> _PROVIDED MATERIAL_
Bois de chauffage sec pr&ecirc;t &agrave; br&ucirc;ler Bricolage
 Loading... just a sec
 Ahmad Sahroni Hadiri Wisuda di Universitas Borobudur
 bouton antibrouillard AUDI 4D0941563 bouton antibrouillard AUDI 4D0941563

> _ACTION ITEM_
Please print the data above exactly as it appears.

> _SOLUTION TO THE PROBLEM_
Bois de chauffage sec pr&ecirc;t &agrave; br&ucirc;ler Bricolage
 Loading... just a sec
 Ahmad Sahroni Hadiri Wisuda di Universitas Borobudur
 bouton antibrouillard AUDI 4D0941563 bouton antibrouillard AUDI 4D0941563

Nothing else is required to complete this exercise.